As the head health care administrator at USA Community Hospital, you are required to review compliance reports on issues relating to the ethical conduct of the professional staff at your hospital, patient review registries, and standard procedures surrounding the ethical treatment of patients with HIV / AIDS. Intermittently, complaints surface from patients with HIV / AIDS concerned with ethical treatment and denial of services.

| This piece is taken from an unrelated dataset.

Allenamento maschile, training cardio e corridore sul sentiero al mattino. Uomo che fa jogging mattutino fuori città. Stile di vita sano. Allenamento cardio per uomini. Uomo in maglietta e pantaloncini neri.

Write a paper in which you:

  1. Devise a plan to investigate the validity of patients’ claims of denial of services. This plan should include, but not be limited to, establishing mechanisms to address service denial claims, a human resources component, and a review of related policies and procedures.
  2. Analyze the primary way in which different staffing levels may play pivotal roles in upholding ethical conduct, including treating patients with dignity. Justify your position.
  3. Formulate a plan to relate the primary legal ramifications to the professional staff regarding ethical treatment of the hospital’s HIV / AIDS patients.
  4. Devise a community relations plan that tout’s the hospital’s unique ways of serving persons with HIV / AIDS, including a focus on de-stigmatizing those afflicted.
  5. Use at least five (5) quality academic resources in this assignment. Note: Wikipedia and other Websites do not quality as academic resources.

Legal Ethics, Patients’ Rights, and HIV / AIDS

General practitioners have unprecedented ethical issues with patients living with HIV and Aids (Lamorde, 2010, p. 44). Those that impinge are usually as a result of denial of service, confidentiality and consent. Practitioners have a duty to care for all patients from the hospital irrespective of their HIV and AIDs status. Such issues and other practical obstacles can only be discussed by use of different plans in the hospital setting. This can only become possible after applying different fundamental health principles.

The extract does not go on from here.